_INSTRUCTIONS TO FOLLOW:_ Reproduce every entry word for word. Drop all pictures from the copy.

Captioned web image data
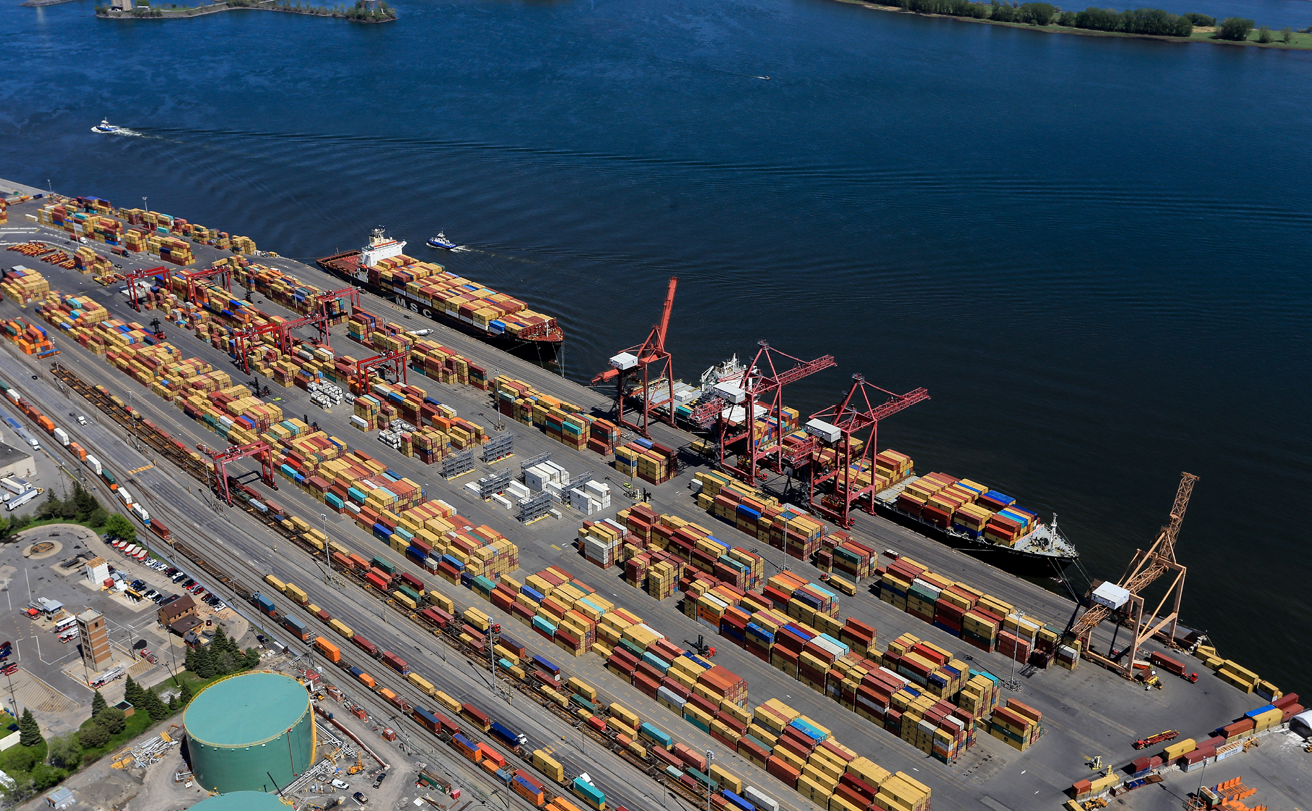 Vue aérienne d'un port d'expédition avec des conteneurs d'expédition empilés, des grues de chargement et deux grands porte-conteneurs amarrés au bord de l'eau.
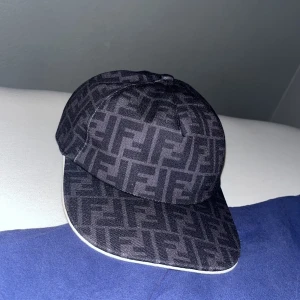 Svart Fendi keps med FF-mönster - Snygg svart keps från Fendi med det klassiska FF-logomönstret över hela kepsen. Kepsen har böjd skärm med vit kant och justerbar rem baktill. Tillverkad i bomullsmix som känns både lyxig och bekväm. Perfekt för dig som vill sticka ut med designerstil.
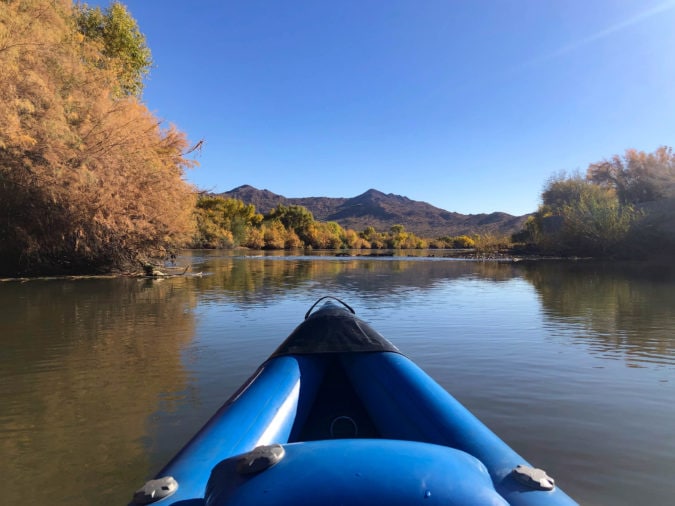 Front-facing view from kayak looking down river to yellow trees and mountains in the distance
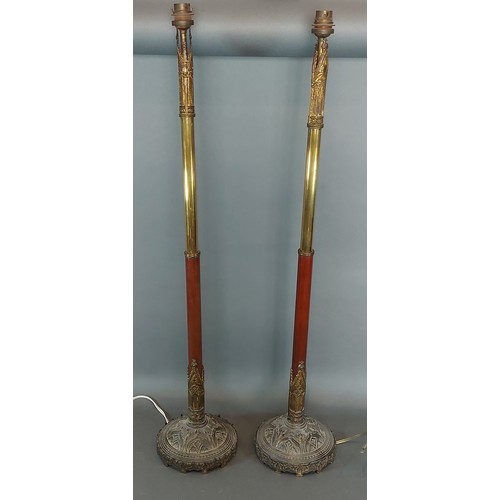 235 - A pair of patinated metal Days Patent telescopic candlesticks converted to table lamps, with gilded ... 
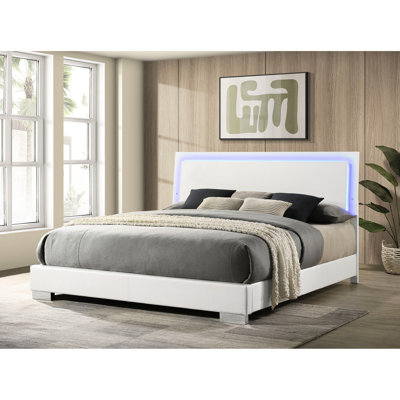 Très grand lit à panneau avec lumières à DEL intégrées, panneau blanc ultrabrillant, idéal pour les espaces minimalistes, tête de lit structurée et finition à l'est de style contemporain à lattes.
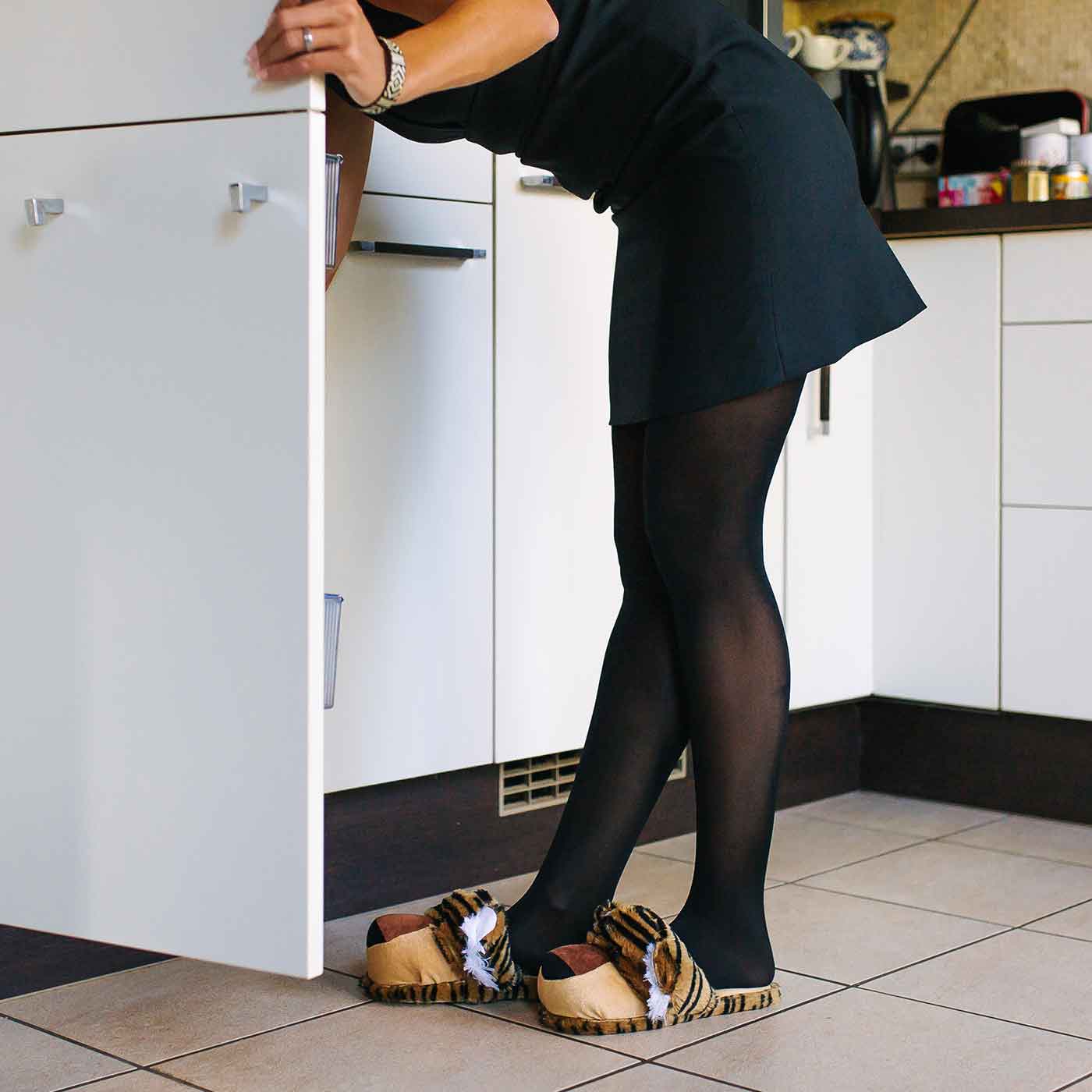Person mit Tigerpantoffeln steht am Schrank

_EXERCISE SOLUTION:_
 Vue aérienne d'un port d'expédition avec des conteneurs d'expédition empilés, des grues de chargement et deux grands porte-conteneurs amarrés au bord de l'eau.
 Svart Fendi keps med FF-mönster - Snygg svart keps från Fendi med det klassiska FF-logomönstret över hela kepsen. Kepsen har böjd skärm med vit kant och justerbar rem baktill. Tillverkad i bomullsmix som känns både lyxig och bekväm. Perfekt för dig som vill sticka ut med designerstil.
 Front-facing view from kayak looking down river to yellow trees and mountains in the distance
 235 - A pair of patinated metal Days Patent telescopic candlesticks converted to table lamps, with gilded ... 
 Très grand lit à panneau avec lumières à DEL intégrées, panneau blanc ultrabrillant, idéal pour les espaces minimalistes, tête de lit structurée et finition à l'est de style contemporain à lattes.
Person mit Tigerpantoffeln steht am Schrank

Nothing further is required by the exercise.